## What you are asked to do
From the records below, print exactly the lines starting at the one containing "Image: A Christmas Story" and ending at the one containing "1982 Jeep CJ CJ7 - photo 10", ends included, and nothing else.

==== Provided records ====

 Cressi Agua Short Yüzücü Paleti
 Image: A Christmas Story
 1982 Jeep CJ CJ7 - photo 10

====
==== Provided records ====

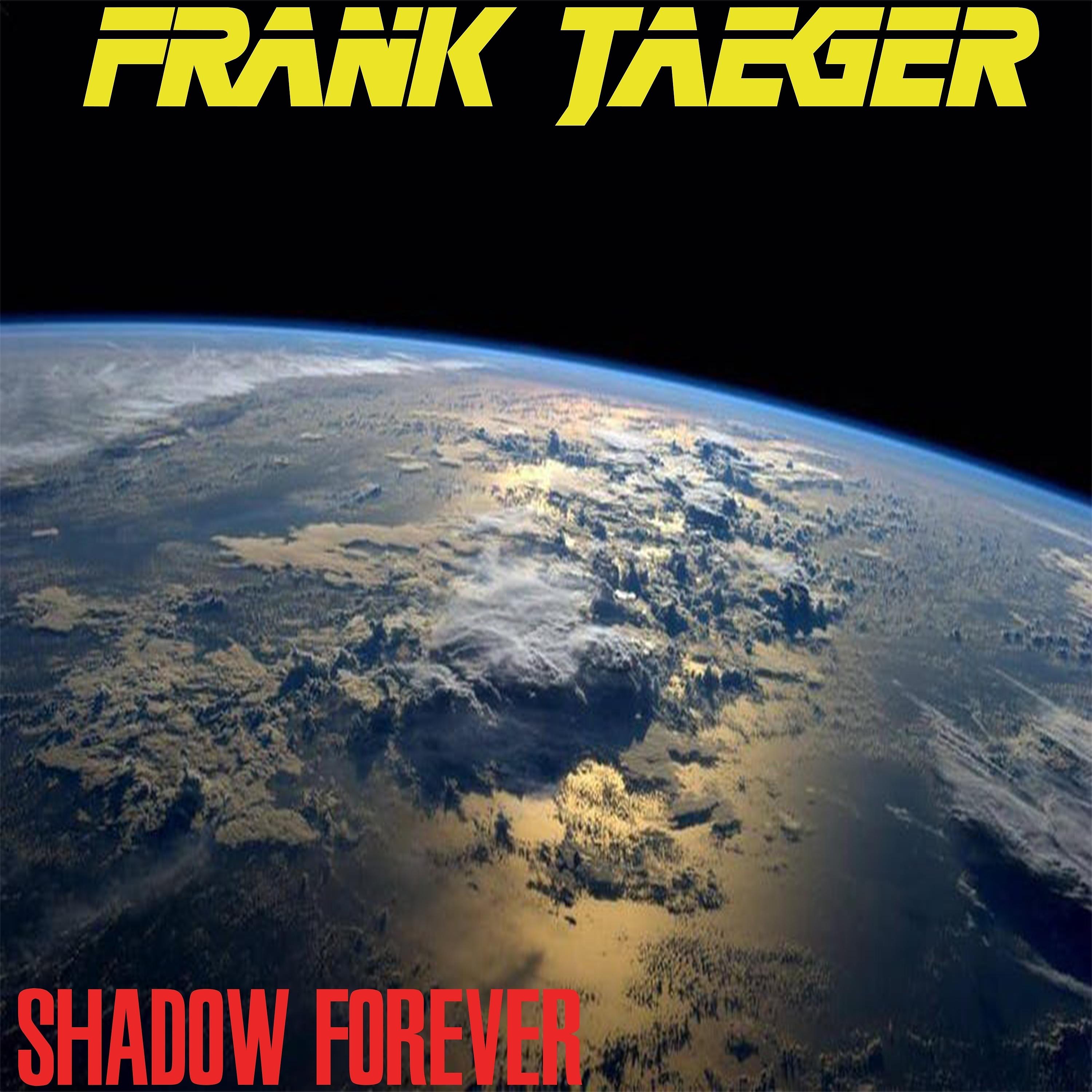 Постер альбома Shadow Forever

====

## Response area
 Image: A Christmas Story
 1982 Jeep CJ CJ7 - photo 10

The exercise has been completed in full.